Physicians are advised not to confuse governance with equity. Stock ownership
ratios need not be tied to voting power, and unequal ownership participation
can occur if the by-laws of the new entity specify a democratic voting
process (i.e., "one man:one vote").
Please note the following assumptions:
Physicians will not want a buy-in to become the barrier which prevents
the merger from occurring or limits the participants.
Stock ownership in a physician practice has no financial value unless
dividends are paid based upon stock allocation (In this case, it is
assumed that production is the primary component of income).
Potential shareholders are viewed as equals in terms of their value
to the process since the goodwill which they bring to the group is represented
by their relative incomes.
Physicians, as owners, will bring different levels of equity to a merger
(hard assets such as equipment and supplies). Some methods for valuing
hard assets are:
Book value. Be advised that many practices may not have a
complete and current depreciation schedule and that each practice
may be using different depreciation guidelines. However, one accountant
could review all the lists, update them, and apply the same depreciation
schedule. This may cost less than having an equipment appraisal firm
to value all assets.
Fair Market Value - Continued Use. This methodology would
be applied by professional equipment appraisal firms to reflect not
only the fair market value of the equipment but also the continued
ability of the equipment to produce revenue in the future. Expected
cost would approximate $3,000 to $5,000/practice.

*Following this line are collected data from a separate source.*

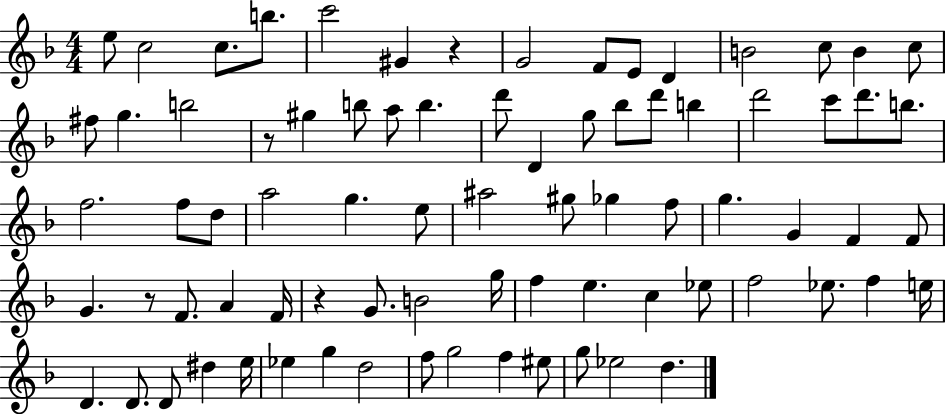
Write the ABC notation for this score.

X:1
T:Untitled
M:4/4
L:1/4
K:F
e/2 c2 c/2 b/2 c'2 ^G z G2 F/2 E/2 D B2 c/2 B c/2 ^f/2 g b2 z/2 ^g b/2 a/2 b d'/2 D g/2 _b/2 d'/2 b d'2 c'/2 d'/2 b/2 f2 f/2 d/2 a2 g e/2 ^a2 ^g/2 _g f/2 g G F F/2 G z/2 F/2 A F/4 z G/2 B2 g/4 f e c _e/2 f2 _e/2 f e/4 D D/2 D/2 ^d e/4 _e g d2 f/2 g2 f ^e/2 g/2 _e2 d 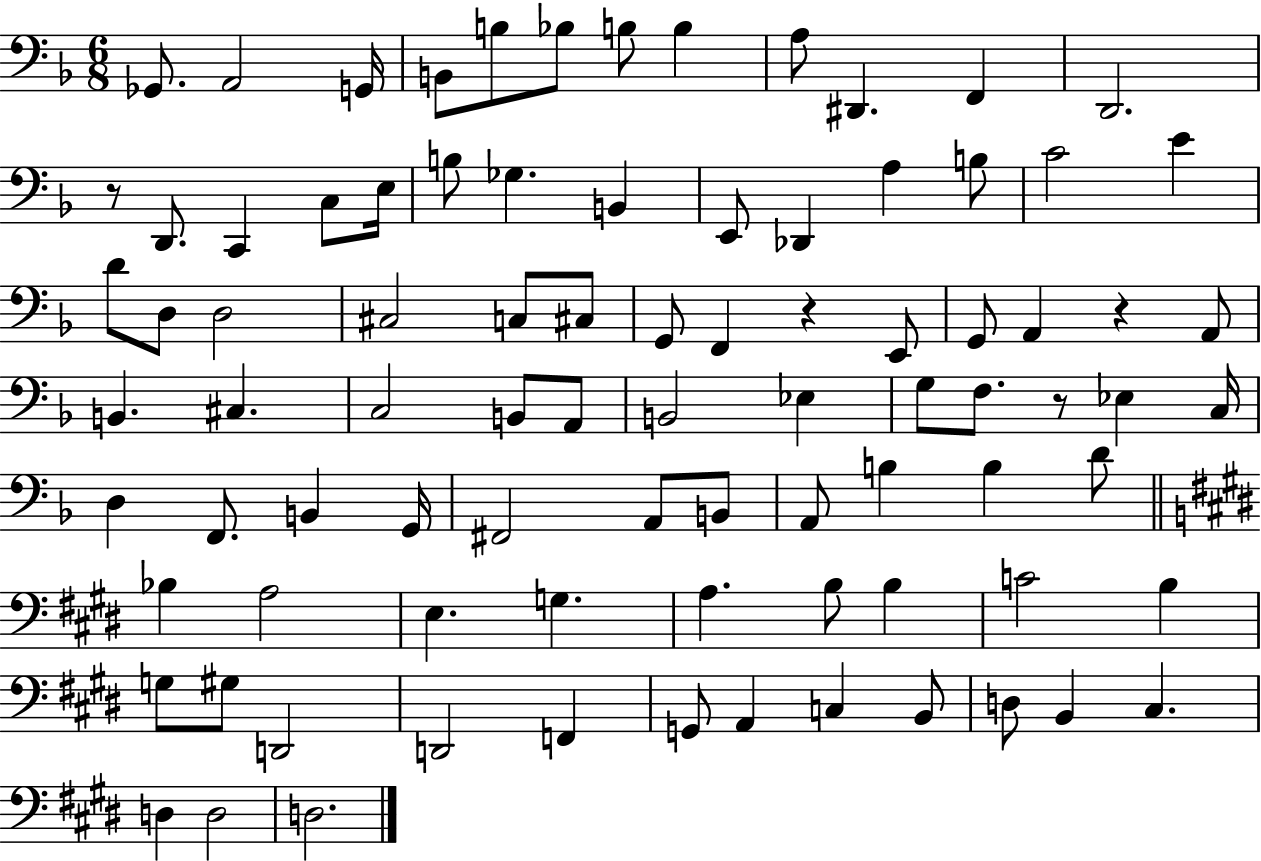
X:1
T:Untitled
M:6/8
L:1/4
K:F
_G,,/2 A,,2 G,,/4 B,,/2 B,/2 _B,/2 B,/2 B, A,/2 ^D,, F,, D,,2 z/2 D,,/2 C,, C,/2 E,/4 B,/2 _G, B,, E,,/2 _D,, A, B,/2 C2 E D/2 D,/2 D,2 ^C,2 C,/2 ^C,/2 G,,/2 F,, z E,,/2 G,,/2 A,, z A,,/2 B,, ^C, C,2 B,,/2 A,,/2 B,,2 _E, G,/2 F,/2 z/2 _E, C,/4 D, F,,/2 B,, G,,/4 ^F,,2 A,,/2 B,,/2 A,,/2 B, B, D/2 _B, A,2 E, G, A, B,/2 B, C2 B, G,/2 ^G,/2 D,,2 D,,2 F,, G,,/2 A,, C, B,,/2 D,/2 B,, ^C, D, D,2 D,2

The end result is acceptable as long as the same valuation methodology
is used for all participants.
Accounts receivables accrue to the physician who produced the billings
and need not be valued, since they are the continuous source of income
streams in the future (assuming production is the key factor upon which
income is based).
OPTION 1
Value each practice using the same formula, through an outside process.
This valuation would include goodwill and hard assets such as buildings
and equipment.
Assign stock value based upon this methodology and sell shares of stock
among the initial participants to create stock ownership equity as long
as equal ownership participation is the goal. In such a case, a long
term buy-in over time at low or no interest would be preferable in order
to reduce financial barriers.Depending upon advice of tax counsel and
the exact type of equity model chosen, it could be agreed that certain
physicians may receive less salary in lieu of direct, after tax dollar,
payment for stock purchase.
For example:
Each physician would pay for the valuation process of his/her practice
out of his/her own pocket. This could be as high as $7,000 to $10,000
per practice to value not only the goodwill but also the equipment,
etc.
OPTION 2
Value only the tangible assets, such as buildings and equipment.
This would keep the costs of the valuation relatively low (probably in
the neighborhood of $5,000/practice on average). The value of the goodwill
is then reflected in the future stream of income according to each physician's
ability to generate revenue.
Assign value based upon this methodology and sell shares of stock among
the initial participants to create stock ownership equity where equal
ownership participation is the goal.
OPTION 3
Assume that every doctor comes to the newly formed group as an equal
equity participant and that the value of each practice is the same, regardless
of how much furniture, fixture, equipment, etc. is contributed.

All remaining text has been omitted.